Sunday, February 28, 2010

Turned Moment, weighting


A very brief note to encourage readers to hear the duo recording of Stephen Cornford and Samuel Rodgers released several months ago on the Another Timbre imprint, Turned Moment, weighting.
The title may read as obtuse, but the sound world explored on this release is anything but. The duo generate a floating field of pin-prick, crystalline feedback, piano strings prepared in media res [the recording is taken from several hours of their improvising, edited by Cornford] and, here and there, struck piano keys. I have vowed to myself to write about this area of music without using the by now codified adjective Feldmanesque; I may now have to take up that vow after this write up.
The sound sources are two pianos and a feedback system Cornford designed that allows unstable, aleatory and sometimes noisy sounds to infiltrate the sober piano tones. Suspended pitches hang in the air with small, barely-controlled feedback squalls.
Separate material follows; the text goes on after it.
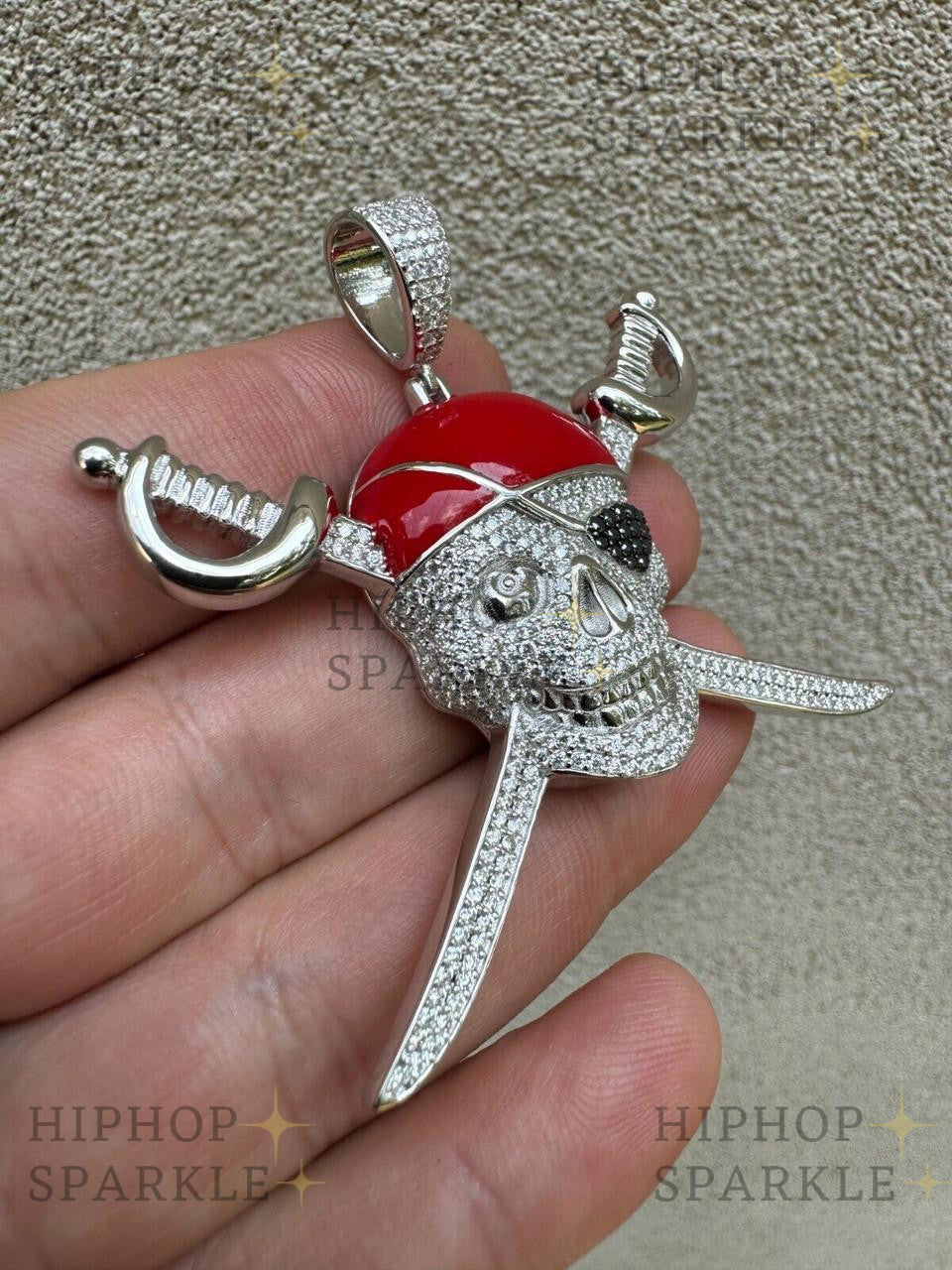 Moissanite Pirate Skull & Crossbones Pendant - 14k Gold Vermeil & 925 Silver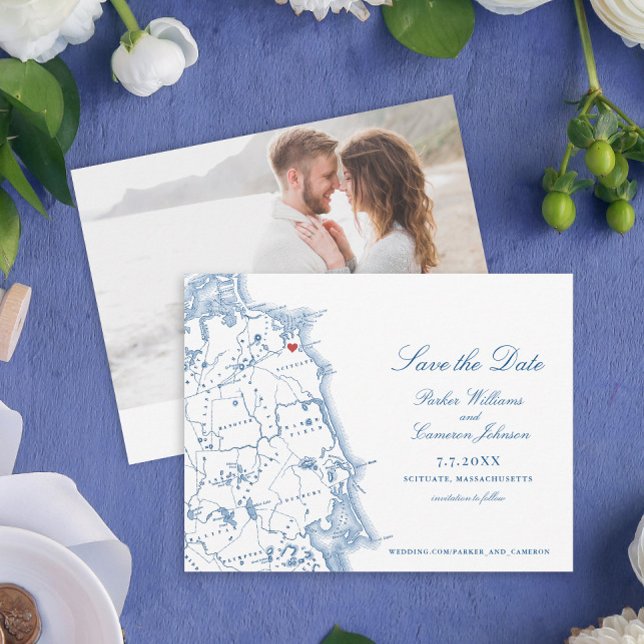 Scituate Massachusetts Karte Elegante Marineküste (These Scituate MA South Shore map save the dates are perfect for your coastal destination wedding)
Overall, with Cornford's post-production work, the three sections never spin out of orbit, the center holds.
Anyone who liked the territory explored in the Tilbury/Schmickler release Variety, or Paiuk/Kahn's beautiful Breathings will want to check this out. As in those two antecedents, there is an interface of piano and lacings of nuanced electronics. Cornford has very consciously chosen the instrument arguably most history-burdened and exhaustively plumbed for radical musicans, determined to find something new to say nonetheless. The results of this duo's intimate meeting merits close, repeated listens.